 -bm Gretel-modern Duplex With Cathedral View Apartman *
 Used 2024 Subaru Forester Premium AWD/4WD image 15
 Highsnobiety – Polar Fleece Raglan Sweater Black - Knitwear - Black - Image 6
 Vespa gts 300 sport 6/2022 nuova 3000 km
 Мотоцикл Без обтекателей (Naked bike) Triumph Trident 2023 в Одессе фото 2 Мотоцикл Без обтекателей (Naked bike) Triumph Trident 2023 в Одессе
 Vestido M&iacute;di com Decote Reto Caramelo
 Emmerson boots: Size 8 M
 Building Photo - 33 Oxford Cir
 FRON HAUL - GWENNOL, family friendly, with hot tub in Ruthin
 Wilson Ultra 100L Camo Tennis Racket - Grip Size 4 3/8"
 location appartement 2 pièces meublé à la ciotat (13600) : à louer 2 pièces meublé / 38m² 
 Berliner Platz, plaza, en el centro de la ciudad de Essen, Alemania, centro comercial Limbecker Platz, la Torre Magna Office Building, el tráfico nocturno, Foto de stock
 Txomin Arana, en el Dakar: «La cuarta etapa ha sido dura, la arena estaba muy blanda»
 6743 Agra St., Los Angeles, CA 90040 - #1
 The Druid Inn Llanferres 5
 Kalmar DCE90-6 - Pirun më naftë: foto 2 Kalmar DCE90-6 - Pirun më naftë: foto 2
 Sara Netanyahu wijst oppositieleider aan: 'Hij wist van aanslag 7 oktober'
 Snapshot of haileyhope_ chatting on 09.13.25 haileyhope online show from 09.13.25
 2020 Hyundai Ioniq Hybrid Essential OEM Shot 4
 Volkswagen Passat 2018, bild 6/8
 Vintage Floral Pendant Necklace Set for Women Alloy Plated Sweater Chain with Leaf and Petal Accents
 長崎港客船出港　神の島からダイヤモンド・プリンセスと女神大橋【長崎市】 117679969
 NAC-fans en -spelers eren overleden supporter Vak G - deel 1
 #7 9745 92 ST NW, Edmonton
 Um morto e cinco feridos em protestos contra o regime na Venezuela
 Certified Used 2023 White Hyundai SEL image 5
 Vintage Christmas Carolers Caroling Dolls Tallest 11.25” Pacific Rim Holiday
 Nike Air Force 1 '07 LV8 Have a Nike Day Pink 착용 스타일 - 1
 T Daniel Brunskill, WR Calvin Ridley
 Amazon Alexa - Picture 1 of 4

═══

Problem: Each line of the entries where the string "Hyundai" occurs should be shown.

Result of the task:
 2020 Hyundai Ioniq Hybrid Essential OEM Shot 4
 Certified Used 2023 White Hyundai SEL image 5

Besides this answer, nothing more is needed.